* ASSIGNMENT *
Take the line that contains "Large industrial land" and every line below it to the end of the entries, and give them again exactly, leaving out any pictures.

* Image-text web data *

.....

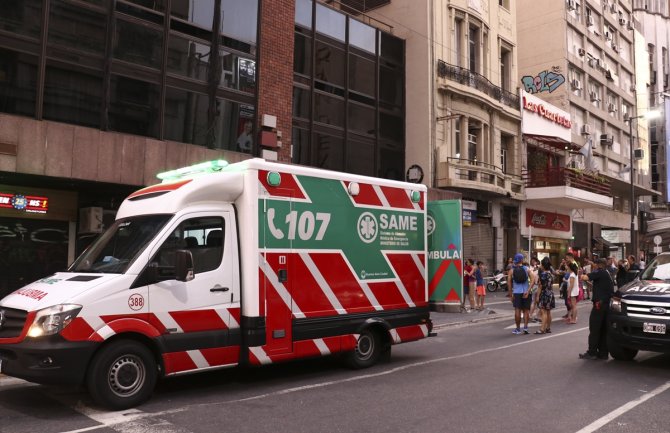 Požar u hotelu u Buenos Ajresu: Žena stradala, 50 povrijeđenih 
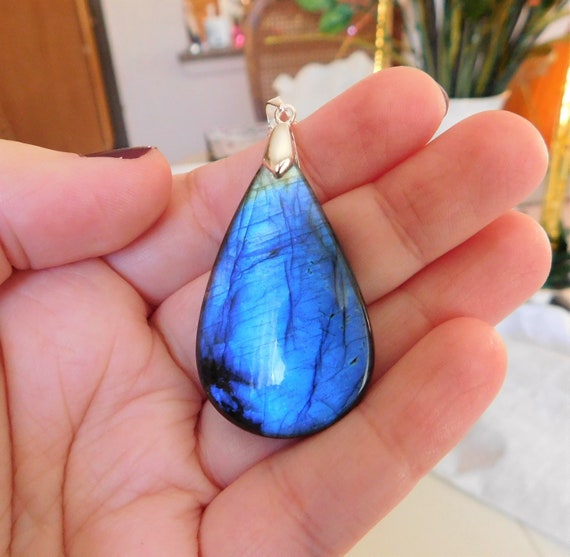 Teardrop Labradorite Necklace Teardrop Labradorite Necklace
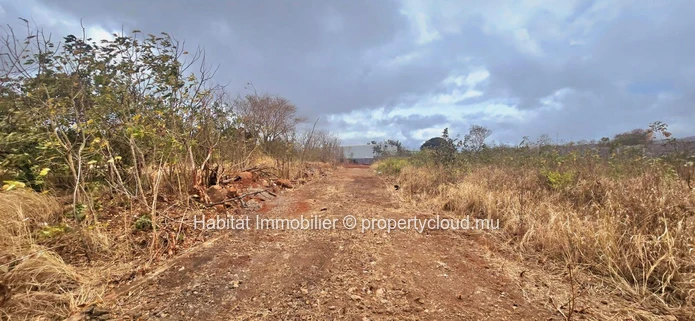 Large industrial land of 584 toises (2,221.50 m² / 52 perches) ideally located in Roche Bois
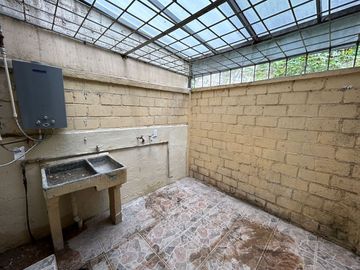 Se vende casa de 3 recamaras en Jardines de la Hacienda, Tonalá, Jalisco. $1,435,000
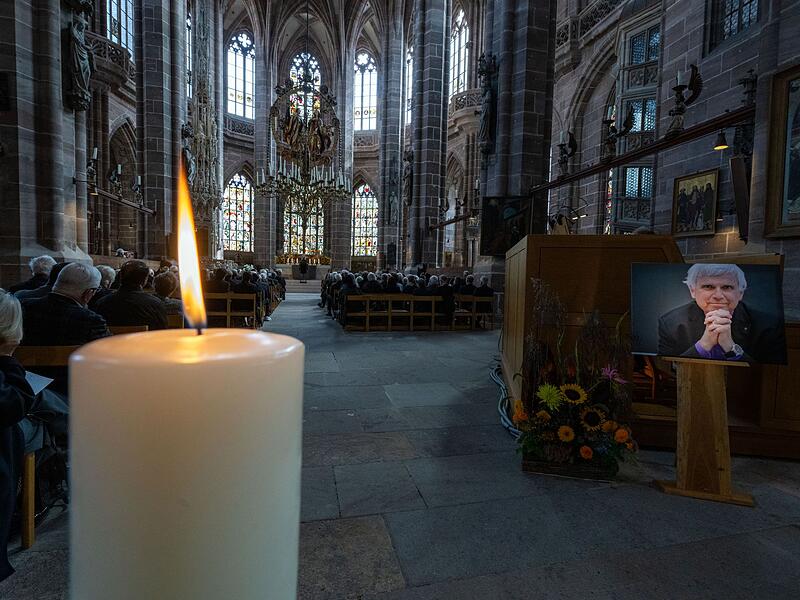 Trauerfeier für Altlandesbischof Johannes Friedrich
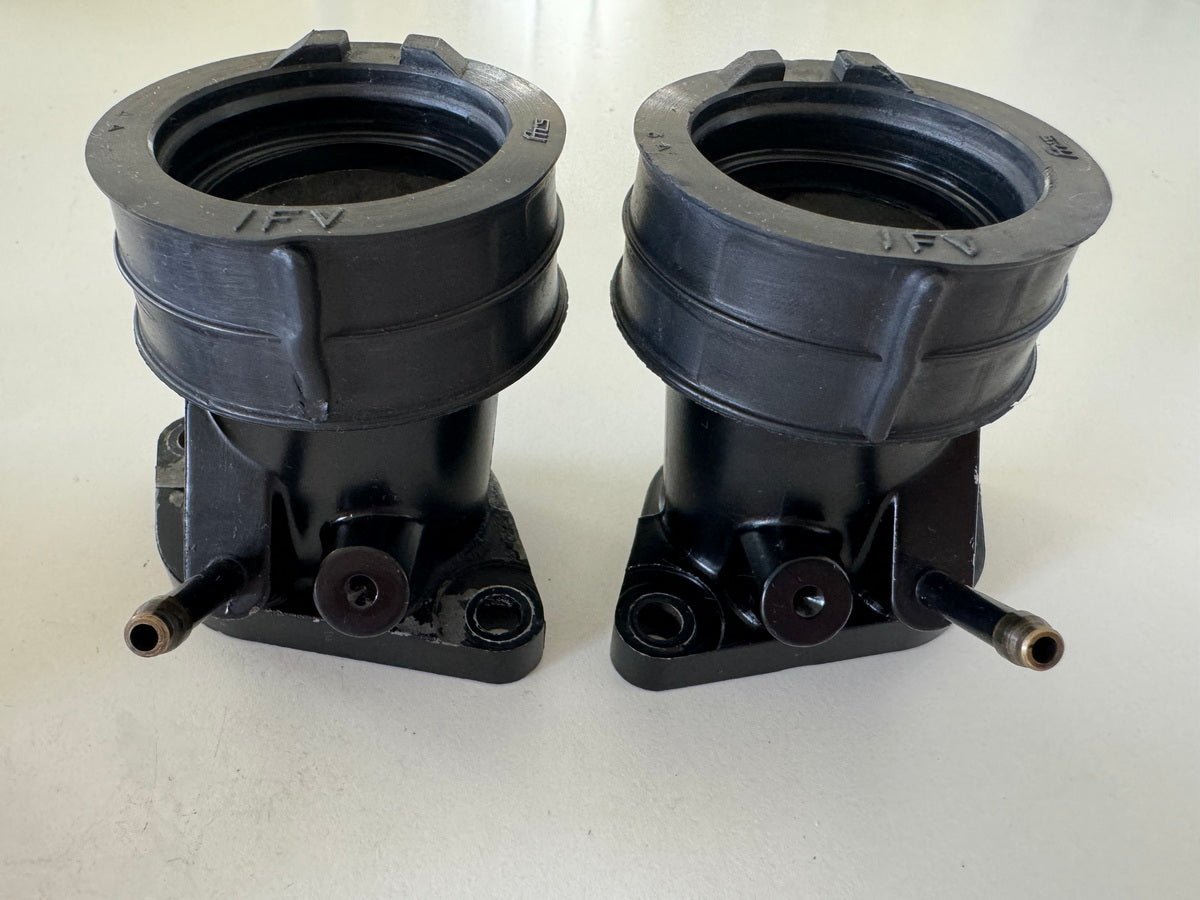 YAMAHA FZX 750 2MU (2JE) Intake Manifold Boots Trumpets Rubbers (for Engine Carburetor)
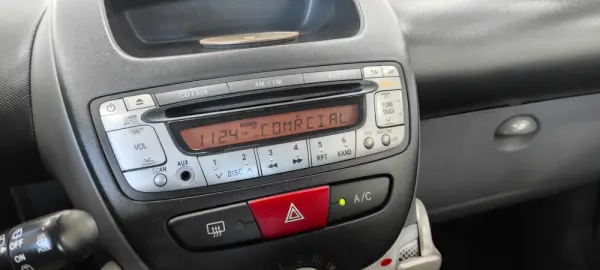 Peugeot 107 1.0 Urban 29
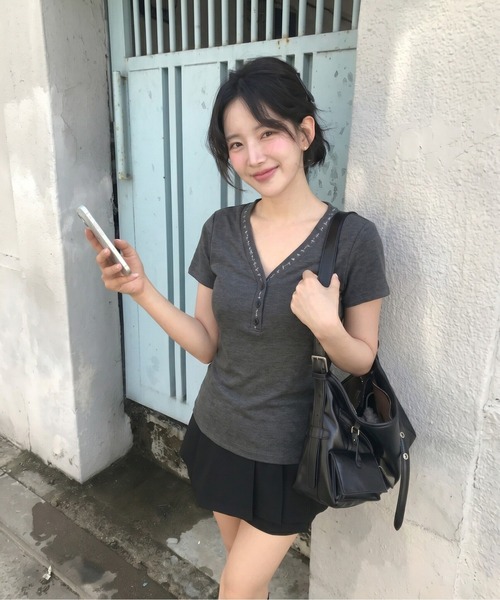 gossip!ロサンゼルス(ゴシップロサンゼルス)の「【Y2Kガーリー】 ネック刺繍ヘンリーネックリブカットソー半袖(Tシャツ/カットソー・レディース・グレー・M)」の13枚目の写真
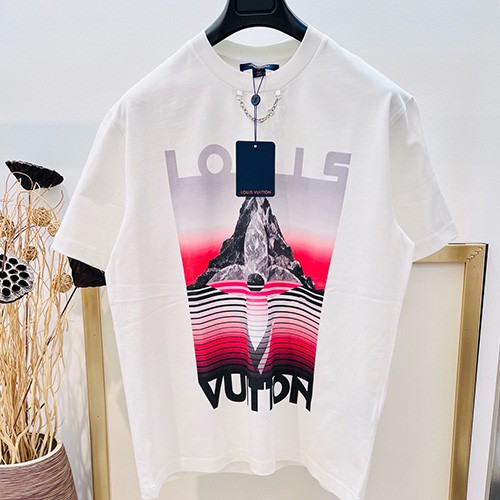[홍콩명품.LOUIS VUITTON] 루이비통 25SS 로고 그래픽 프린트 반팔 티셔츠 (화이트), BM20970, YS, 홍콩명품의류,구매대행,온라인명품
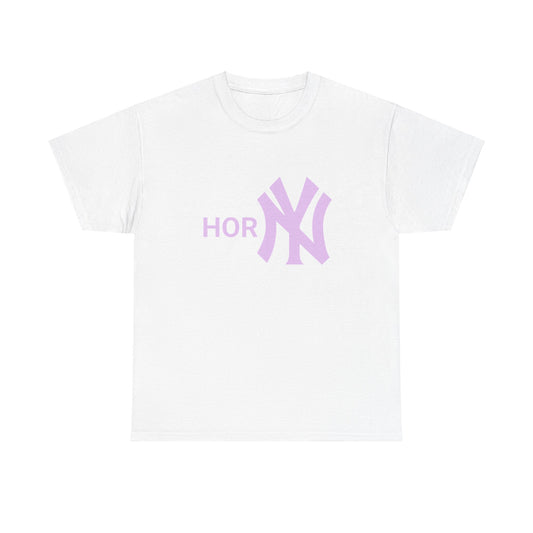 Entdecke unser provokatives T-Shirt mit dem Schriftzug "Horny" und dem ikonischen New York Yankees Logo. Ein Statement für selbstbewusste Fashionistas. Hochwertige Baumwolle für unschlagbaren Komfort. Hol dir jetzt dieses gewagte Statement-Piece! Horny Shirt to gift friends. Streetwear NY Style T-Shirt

.....

* OUTPUT BELOW *
 Large industrial land of 584 toises (2,221.50 m² / 52 perches) ideally located in Roche Bois
 Se vende casa de 3 recamaras en Jardines de la Hacienda, Tonalá, Jalisco. $1,435,000
 Trauerfeier für Altlandesbischof Johannes Friedrich
 YAMAHA FZX 750 2MU (2JE) Intake Manifold Boots Trumpets Rubbers (for Engine Carburetor)
 Peugeot 107 1.0 Urban 29
 gossip!ロサンゼルス(ゴシップロサンゼルス)の「【Y2Kガーリー】 ネック刺繍ヘンリーネックリブカットソー半袖(Tシャツ/カットソー・レディース・グレー・M)」の13枚目の写真
[홍콩명품.LOUIS VUITTON] 루이비통 25SS 로고 그래픽 프린트 반팔 티셔츠 (화이트), BM20970, YS, 홍콩명품의류,구매대행,온라인명품
 Entdecke unser provokatives T-Shirt mit dem Schriftzug "Horny" und dem ikonischen New York Yankees Logo. Ein Statement für selbstbewusste Fashionistas. Hochwertige Baumwolle für unschlagbaren Komfort. Hol dir jetzt dieses gewagte Statement-Piece! Horny Shirt to gift friends. Streetwear NY Style T-Shirt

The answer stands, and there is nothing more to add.